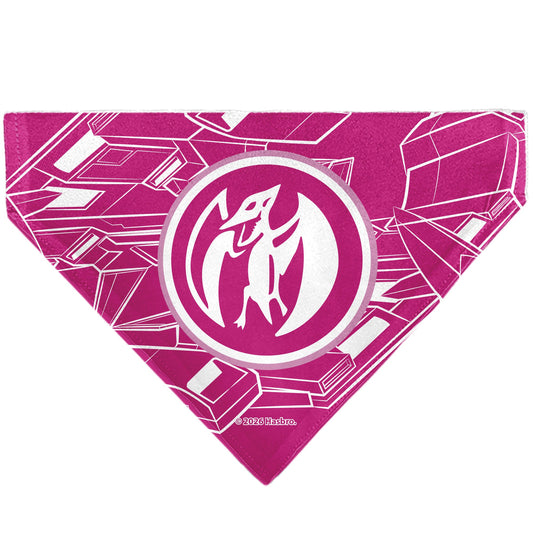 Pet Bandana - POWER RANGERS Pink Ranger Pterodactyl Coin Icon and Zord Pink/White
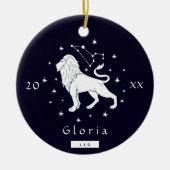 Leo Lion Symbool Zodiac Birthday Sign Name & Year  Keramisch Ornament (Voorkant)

...

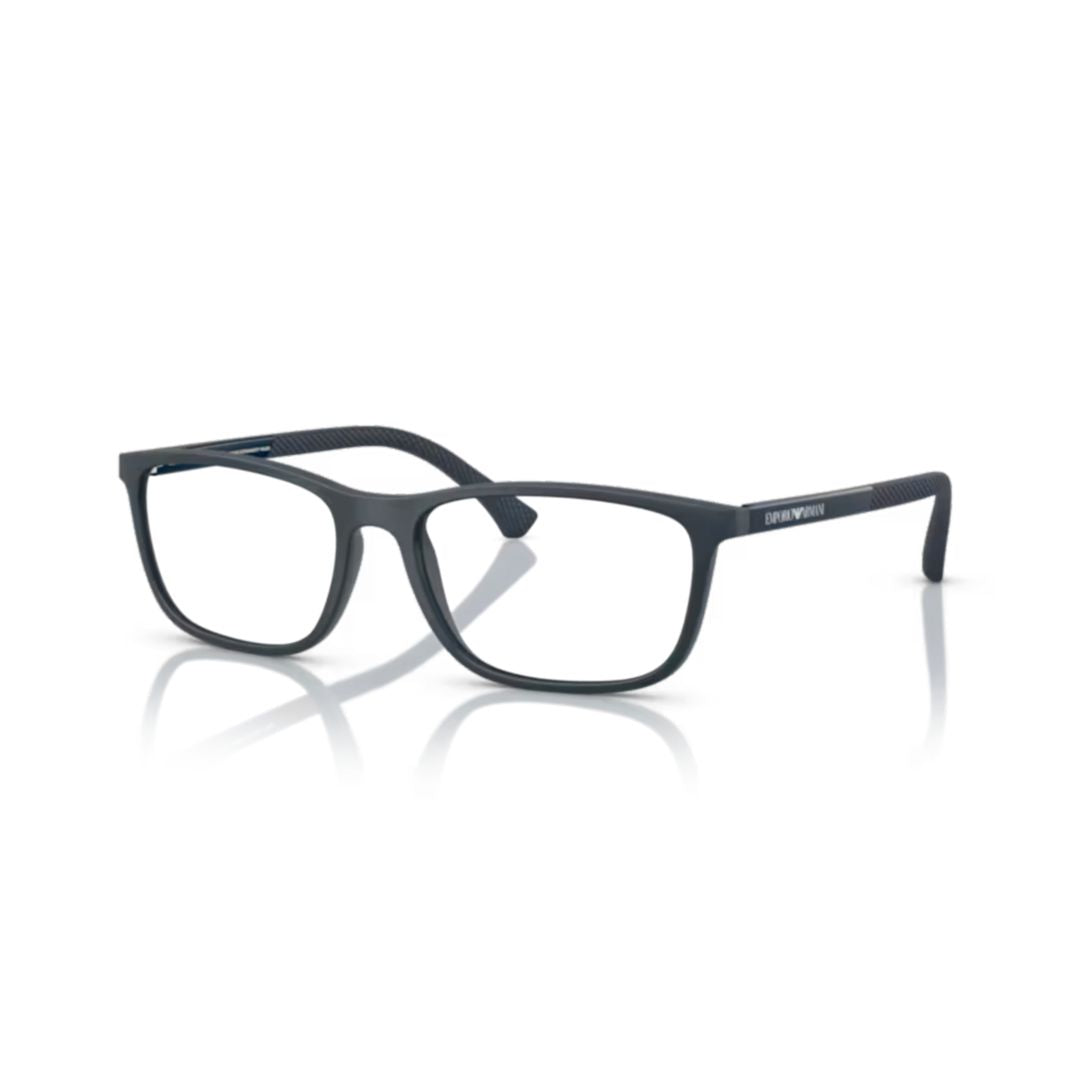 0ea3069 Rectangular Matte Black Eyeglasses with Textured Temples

...

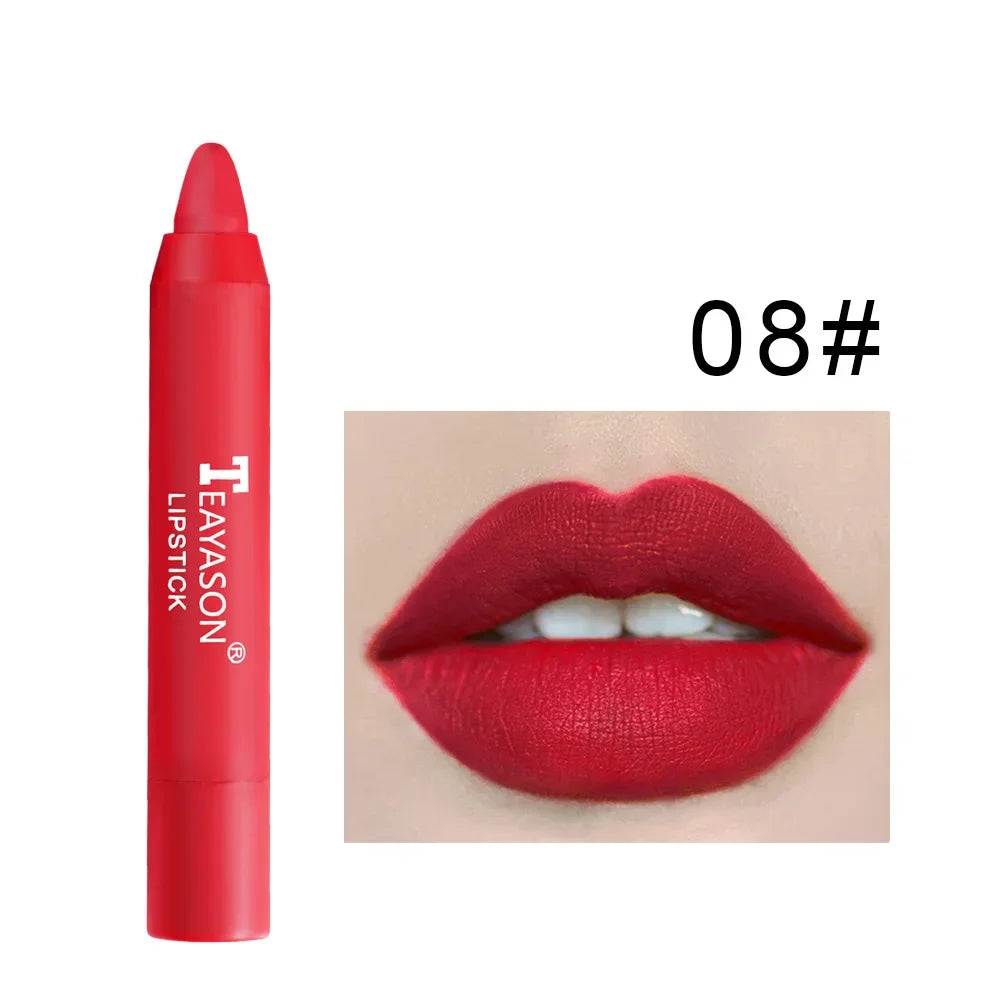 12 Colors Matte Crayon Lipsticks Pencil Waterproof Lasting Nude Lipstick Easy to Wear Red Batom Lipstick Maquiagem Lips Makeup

• Task details:
Respond with the exact lines above running from the one containing "Pet Bandana - POWER" to the one containing "Leo Lion Symbool", both ends kept and no pictures included.

• Written solution:
 Pet Bandana - POWER RANGERS Pink Ranger Pterodactyl Coin Icon and Zord Pink/White
 Leo Lion Symbool Zodiac Birthday Sign Name & Year  Keramisch Ornament (Voorkant)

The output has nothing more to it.